A startled cry choked me, and I looked up. “Into the coffin?”
“The oxygen will keep you from suffocating until we reach our intended destination.”
Oxygen or not, the idea of being locked into a box for the next however many hours terrified me.
Stall, stall, stall
. “Why did you send those hounds after us at the cabin?”
“The pùca failed me. I was simply tying up loose ends. He knew too much to allow him to stay in your hands for long.”
“Did you kill his
enisi
, too?”
“Of course not. He was returned to the desert from which he was taken.”
The nearest desert was hundreds of miles away, across several states. “By who?”
A muscle twitched in Thackery’s jaw. “Who, indeed?”
“Token’s still out there, you know. You keep losing your science projects, Thackery. That’s pretty careless.”
He quirked his eyebrow, but my words produced no other reaction. Still, I had only one more bluff up my sleeve. “They tested my blood at R&D before I left. Hate to see you going through all this trouble when there’s nothing useful to be found.”

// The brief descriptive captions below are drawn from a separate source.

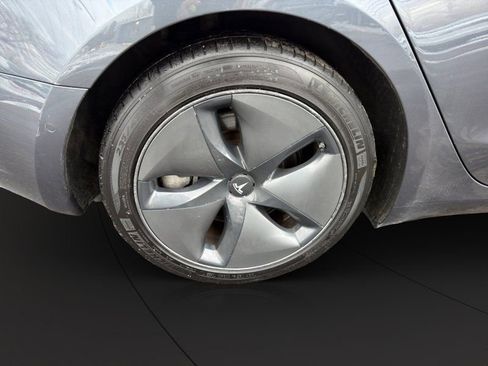 Used 2020 Tesla Model 3 Long Range image 23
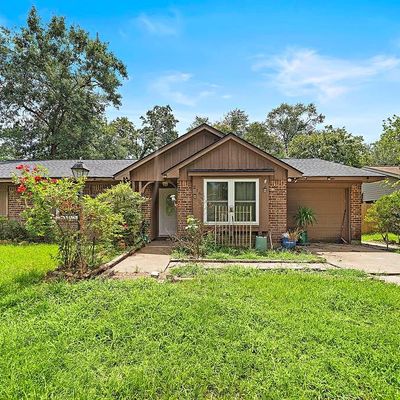 216 Pine Hill Dr, Conroe, TX 77301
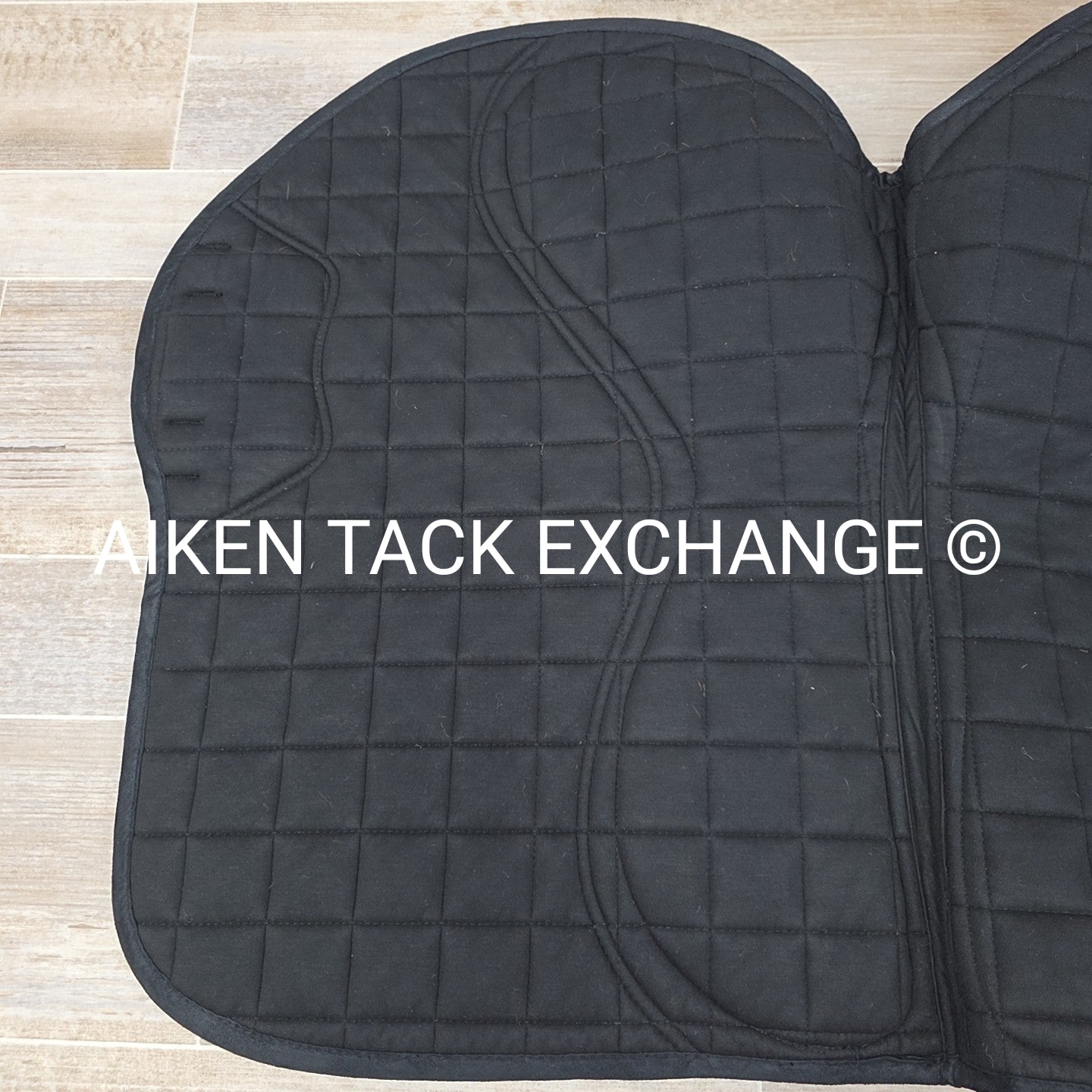 LeMieux X-Grip Silicone Eurojump Square Saddle Pad, Large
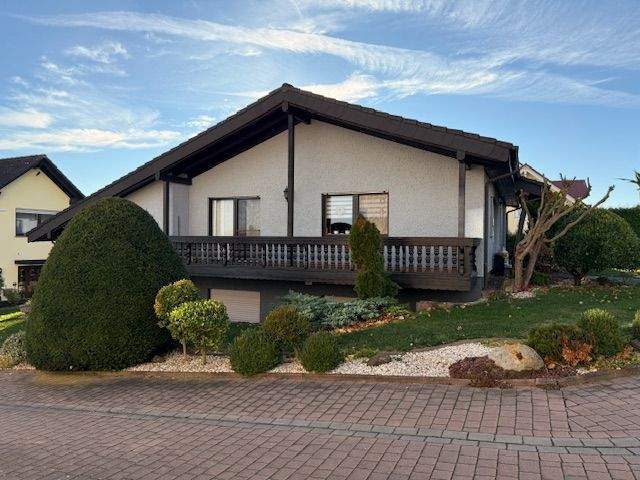Immobilie in Biebelnheim - Charmanter Bungalow in ruhiger Lage - einziehen und wohlfühlen - Bild 1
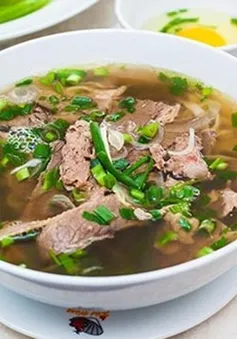 Hà Nội khẩn tìm người đến quán phở, chợ, bưu cục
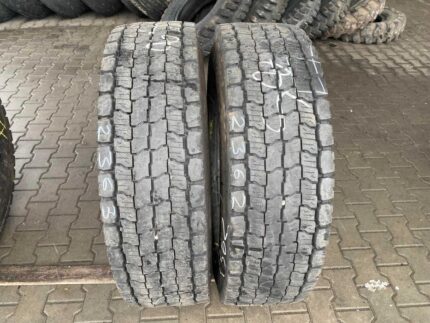 Używane opony ciężarowe 315/80R22.5 DUNLOP SP462 / 12-15mm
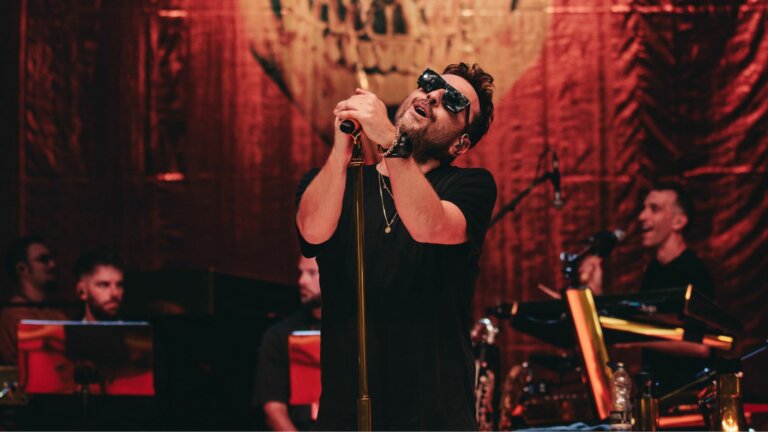 Cesare Cremonini sul palco dell'O2 Shepherd's Bush Empire di Londra durante la presentazione live di AMATEUR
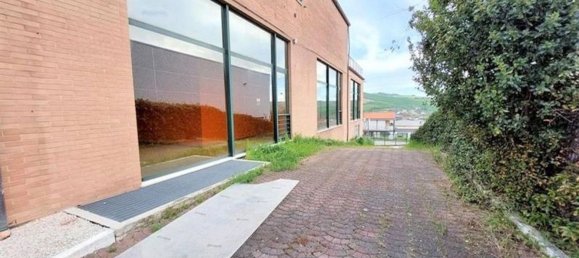 550m² Warehouse in Porto San Giorgio, Italy No. 375068 22
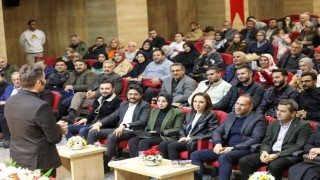 Mehmet Akif Ersoy Gazzeyi Niğdede anlattı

“Your scientists have no idea what to look for.”
“You feel confident of that?”
“Yes.”
Shit
.
“Get in the coffin, Ms. Stone.”
I hesitated. Not good. Thackery barked something at the boy, who immediately pounced on me. I wriggled and kicked, surprised by his steel grip on my arms. Something stung my shoulder, spreading warmth beneath my skin. Then the strange musk of the boy’s scent faded, my muscles grew too heavy to move, and I passed out.
The first thing clueing me in to impending consciousness was the gentle rumble of movement. Not me moving, exactly—an encompassing sensation of motion. Vibrations beneath me and around me, like I’d fallen asleep in a car.
I lurched toward a sitting position and didn’t even get my head up. I was strapped down to something moderately padded, secured at every joint from my ankles to my wrists, across my stomach, and even one strap over my forehead. Sleep and tears had sealed my eyes shut. I worked them open, aware of a barrage of new smells—disinfectant, motor oil, bleach, blood, sweat—among other, unidentifiable odors.
My eyes focused on a ceiling of sheet metal, dull and unpolished, reflecting light from elsewhere in the room. It wasn’t very wide, maybe ten feet. The length was impossible to tell without turning my head, which I couldn’t. Panic splashed across me like ice water. Where the hell was I? Why was I moving? Where was Thackery? Had Phin been found?